Tabs: The default in jEdit is for tabs to be aligned every 8 character positions. Some of you have altered that to four (Preferences-]Editing-]Tab width), to reflect the layout that the programs in the book have. Then, on submission, the tabs have “appeared” in the output as being 8 again, which can make your program spill past the 80-character RH boundary. When I run the programs for marking, they’ll all get formatted with tabs reflecting 4 character positions, not 8. But don’t use any fewer than 4 in your jEdit (or other editor) settings.

Magic numbers: Here is a summary of the rules about magic numbers:

Where a number is totally self-defining, I’m happy for it to be used any number of times without a hash-define, provided the code is commented each time and/or explicitly sensible variable names are used. For example, in

1
2
/* compute percentage */
pcent = 100.0 * count / totcount;

I wouldn’t expect 100 to have been hash-defined, since the comment explains the role of the 100, and it isn’t going to change, ever, even if other percentages are calculated in the program using 100 too.

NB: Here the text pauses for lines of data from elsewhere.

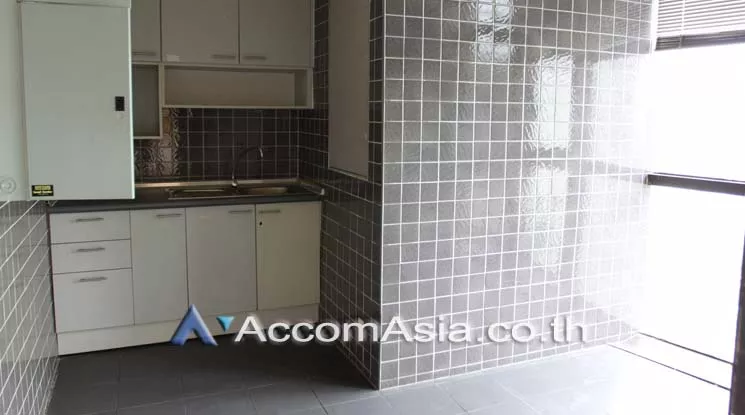 7  Studio Office Space For Rent in Sukhumvit ,Bangkok BTS Ekkamai at Modern Town Building AA17506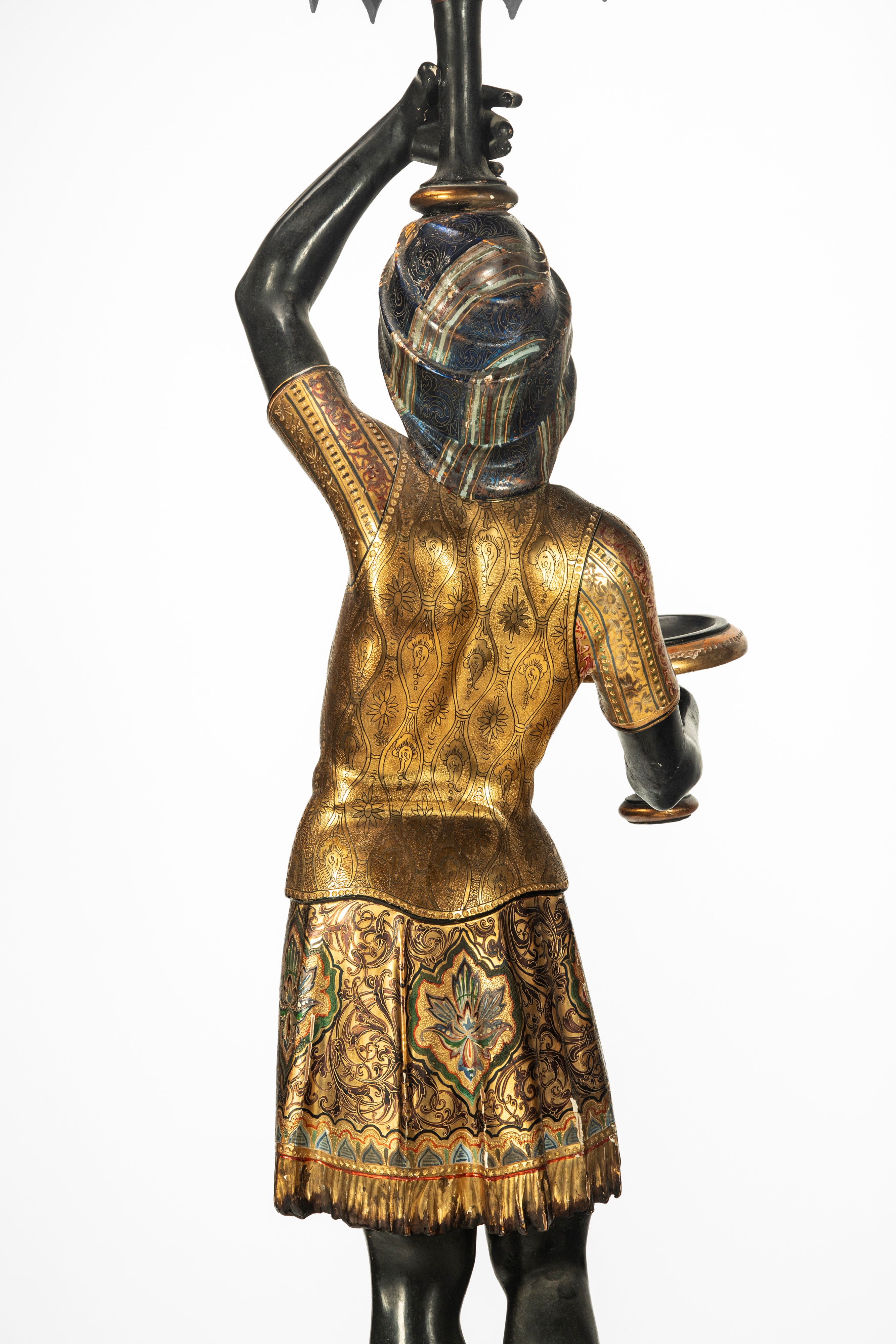Coppia di mori porta vassoio, legno scolpito laccato e dorato, XIX secolo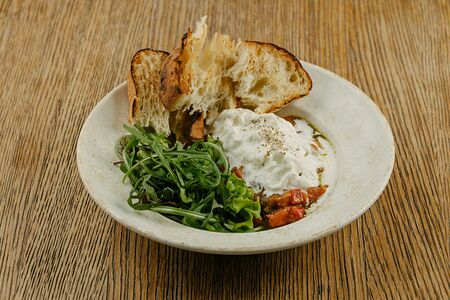 Страчателла с томатами и руколой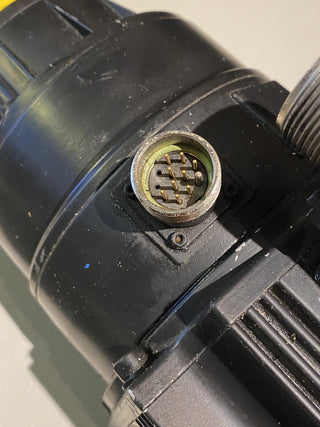 Indramat MAC090B-0PD-4-C/110-B-1/WA611XX Servomotor inkl. Stegmann AG 661 Geber5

This rule also allows 0 and 1, of course, unless they represent something other than the additive and multiplicative identities, in which case they should be hash-defined.

This rule also allows while (scanf("%lf%lf", &x, &y)==2), since the 2 is immediately obvious from the adjacent context (two variables to be read).

Where a constant is one that is a fact that is in no way ever going to be varied, then provided it only appears once in the program and is explained with a comment, then it need not be hash-defined. The example here is the -32.0 in the temperature conversion computation, assuming that it is entirely within a function called Cels2Fahr or etc and that it isn’t used in other places scattered through the program. Anything of this type that appears even twice should be hash-defined.

Where a factual constant is used more than once in a program, even if all occurrences are in a single function, it should be hash-defined.

Where a constant is one that is clearly an artifact of the problem description or the program that implements the solution (for example, numbers like MAXINT, or the number of variables), then they must be hash-defined, even if only used once in the program.